# PROBLEM DESCRIPTION
Read the lines below. Copy out any that hold the string "with".

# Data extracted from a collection
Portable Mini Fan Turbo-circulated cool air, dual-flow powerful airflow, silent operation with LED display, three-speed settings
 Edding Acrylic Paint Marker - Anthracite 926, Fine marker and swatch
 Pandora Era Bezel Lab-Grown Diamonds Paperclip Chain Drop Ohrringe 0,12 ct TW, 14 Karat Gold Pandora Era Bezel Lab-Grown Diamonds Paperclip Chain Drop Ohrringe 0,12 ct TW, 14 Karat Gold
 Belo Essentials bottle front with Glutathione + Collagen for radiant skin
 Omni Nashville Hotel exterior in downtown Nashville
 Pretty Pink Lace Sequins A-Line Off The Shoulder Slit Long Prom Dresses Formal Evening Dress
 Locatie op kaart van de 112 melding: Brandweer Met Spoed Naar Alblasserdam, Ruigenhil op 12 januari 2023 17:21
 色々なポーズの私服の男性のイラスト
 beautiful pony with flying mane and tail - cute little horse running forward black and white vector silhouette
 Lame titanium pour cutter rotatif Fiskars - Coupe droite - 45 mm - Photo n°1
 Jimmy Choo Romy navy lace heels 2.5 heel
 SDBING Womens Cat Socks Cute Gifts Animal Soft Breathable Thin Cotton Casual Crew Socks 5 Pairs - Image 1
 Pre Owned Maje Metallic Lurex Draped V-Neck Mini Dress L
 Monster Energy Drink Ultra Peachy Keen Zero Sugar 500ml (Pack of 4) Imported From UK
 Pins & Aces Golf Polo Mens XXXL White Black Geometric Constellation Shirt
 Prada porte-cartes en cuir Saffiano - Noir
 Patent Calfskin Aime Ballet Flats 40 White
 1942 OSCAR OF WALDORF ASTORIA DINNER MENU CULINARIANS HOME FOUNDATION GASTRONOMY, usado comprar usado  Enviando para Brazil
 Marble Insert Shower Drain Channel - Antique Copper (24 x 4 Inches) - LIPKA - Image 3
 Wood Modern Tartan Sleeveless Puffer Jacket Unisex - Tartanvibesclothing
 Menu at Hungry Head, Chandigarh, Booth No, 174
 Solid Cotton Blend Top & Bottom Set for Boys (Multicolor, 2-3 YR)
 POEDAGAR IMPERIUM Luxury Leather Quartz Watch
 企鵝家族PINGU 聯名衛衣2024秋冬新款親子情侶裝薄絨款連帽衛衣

# ANSWER SECTION
Portable Mini Fan Turbo-circulated cool air, dual-flow powerful airflow, silent operation with LED display, three-speed settings
 Belo Essentials bottle front with Glutathione + Collagen for radiant skin
 beautiful pony with flying mane and tail - cute little horse running forward black and white vector silhouette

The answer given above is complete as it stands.